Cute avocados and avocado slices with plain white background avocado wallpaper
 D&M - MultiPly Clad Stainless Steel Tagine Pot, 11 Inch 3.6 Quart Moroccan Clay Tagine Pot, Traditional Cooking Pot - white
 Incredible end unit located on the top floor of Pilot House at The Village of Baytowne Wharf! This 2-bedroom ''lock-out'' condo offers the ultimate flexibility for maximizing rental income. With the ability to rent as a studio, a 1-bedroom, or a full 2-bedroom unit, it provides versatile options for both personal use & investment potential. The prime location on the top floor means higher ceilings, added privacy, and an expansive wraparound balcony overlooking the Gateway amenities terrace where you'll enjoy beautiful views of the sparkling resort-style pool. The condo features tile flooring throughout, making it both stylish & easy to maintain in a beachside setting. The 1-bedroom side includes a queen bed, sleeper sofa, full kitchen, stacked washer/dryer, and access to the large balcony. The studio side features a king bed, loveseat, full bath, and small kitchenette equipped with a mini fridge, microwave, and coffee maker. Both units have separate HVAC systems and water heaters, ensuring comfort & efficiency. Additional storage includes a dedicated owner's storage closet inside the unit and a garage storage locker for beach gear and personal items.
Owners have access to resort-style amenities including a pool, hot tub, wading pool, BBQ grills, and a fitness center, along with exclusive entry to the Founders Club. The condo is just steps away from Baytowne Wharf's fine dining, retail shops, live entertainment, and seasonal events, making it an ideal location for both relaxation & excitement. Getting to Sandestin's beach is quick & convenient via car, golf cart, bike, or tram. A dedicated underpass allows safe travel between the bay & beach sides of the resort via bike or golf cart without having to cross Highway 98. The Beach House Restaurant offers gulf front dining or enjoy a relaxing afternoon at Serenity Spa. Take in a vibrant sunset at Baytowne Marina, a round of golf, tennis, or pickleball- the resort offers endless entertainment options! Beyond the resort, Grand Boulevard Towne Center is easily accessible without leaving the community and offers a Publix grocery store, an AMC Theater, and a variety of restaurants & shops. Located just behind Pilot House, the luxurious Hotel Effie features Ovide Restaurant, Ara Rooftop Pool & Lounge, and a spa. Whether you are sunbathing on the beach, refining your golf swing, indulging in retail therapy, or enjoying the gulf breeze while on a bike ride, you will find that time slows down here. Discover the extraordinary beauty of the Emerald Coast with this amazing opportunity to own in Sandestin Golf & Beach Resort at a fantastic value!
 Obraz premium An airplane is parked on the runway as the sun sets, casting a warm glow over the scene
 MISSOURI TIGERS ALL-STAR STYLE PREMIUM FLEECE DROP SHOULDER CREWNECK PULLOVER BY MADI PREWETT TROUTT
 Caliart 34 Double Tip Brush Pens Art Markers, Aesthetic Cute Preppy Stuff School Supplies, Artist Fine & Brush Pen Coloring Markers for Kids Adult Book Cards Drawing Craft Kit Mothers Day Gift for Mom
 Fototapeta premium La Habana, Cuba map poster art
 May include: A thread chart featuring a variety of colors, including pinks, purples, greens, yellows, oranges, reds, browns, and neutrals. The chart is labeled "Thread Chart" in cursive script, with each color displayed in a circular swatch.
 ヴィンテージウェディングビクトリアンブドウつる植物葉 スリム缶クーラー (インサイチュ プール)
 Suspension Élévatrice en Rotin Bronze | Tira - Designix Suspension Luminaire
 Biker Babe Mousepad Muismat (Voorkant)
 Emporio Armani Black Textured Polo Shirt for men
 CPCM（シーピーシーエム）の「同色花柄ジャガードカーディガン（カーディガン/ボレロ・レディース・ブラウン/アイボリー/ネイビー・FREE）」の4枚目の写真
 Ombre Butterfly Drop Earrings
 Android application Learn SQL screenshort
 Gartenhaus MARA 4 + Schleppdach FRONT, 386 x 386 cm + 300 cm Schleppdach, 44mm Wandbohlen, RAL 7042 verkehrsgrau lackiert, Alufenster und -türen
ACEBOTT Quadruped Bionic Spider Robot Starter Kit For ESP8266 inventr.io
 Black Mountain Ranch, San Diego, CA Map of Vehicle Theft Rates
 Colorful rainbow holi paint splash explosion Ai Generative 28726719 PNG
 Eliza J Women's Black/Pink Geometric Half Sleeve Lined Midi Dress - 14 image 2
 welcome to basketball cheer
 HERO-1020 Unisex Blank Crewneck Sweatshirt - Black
::::
▶ _Exercise goal_:
Working through the data above, find every line holding "Black" and copy it.

▶ _Response to the task_:
 Emporio Armani Black Textured Polo Shirt for men
 Black Mountain Ranch, San Diego, CA Map of Vehicle Theft Rates
 Eliza J Women's Black/Pink Geometric Half Sleeve Lined Midi Dress - 14 image 2
 HERO-1020 Unisex Blank Crewneck Sweatshirt - Black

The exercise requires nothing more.